Recorded data »
☆ ☆ ☆ ☆

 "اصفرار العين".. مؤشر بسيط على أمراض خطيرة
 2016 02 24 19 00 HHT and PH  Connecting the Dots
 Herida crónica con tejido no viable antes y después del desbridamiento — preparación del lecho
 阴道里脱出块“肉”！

☆ ☆ ☆ ☆

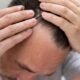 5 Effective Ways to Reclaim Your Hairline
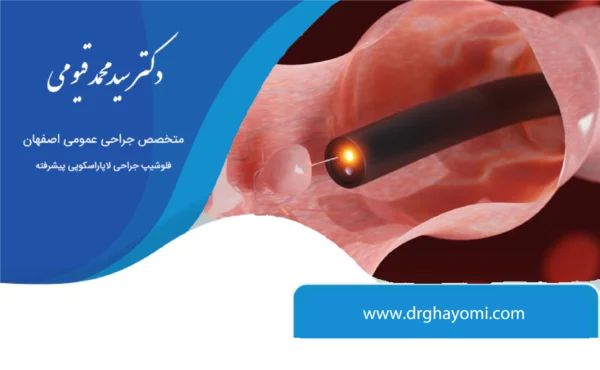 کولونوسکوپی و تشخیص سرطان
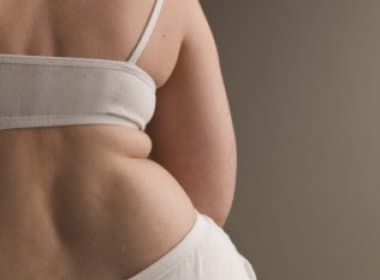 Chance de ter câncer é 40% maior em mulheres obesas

☆ ☆ ☆ ☆

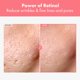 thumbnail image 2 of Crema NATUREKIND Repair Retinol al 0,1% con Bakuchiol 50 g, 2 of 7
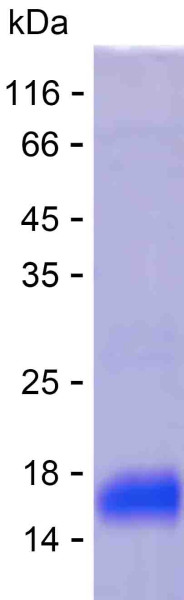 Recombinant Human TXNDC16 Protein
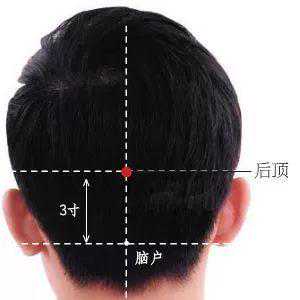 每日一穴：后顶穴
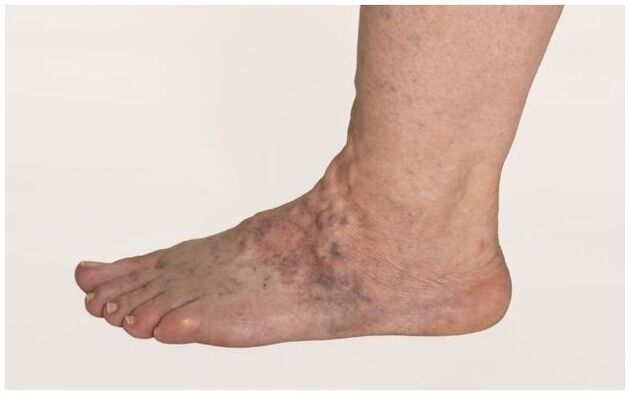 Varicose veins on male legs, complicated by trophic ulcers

☆ ☆ ☆ ☆

Aim of the task » Reproduce exactly the lines above that run from the one with "Recombinant Human TXNDC16 Protein" to the one with "Varicose veins on", both included, leaving pictures out.

Solution to this problem »
 Recombinant Human TXNDC16 Protein
 每日一穴：后顶穴
 Varicose veins on male legs, complicated by trophic ulcers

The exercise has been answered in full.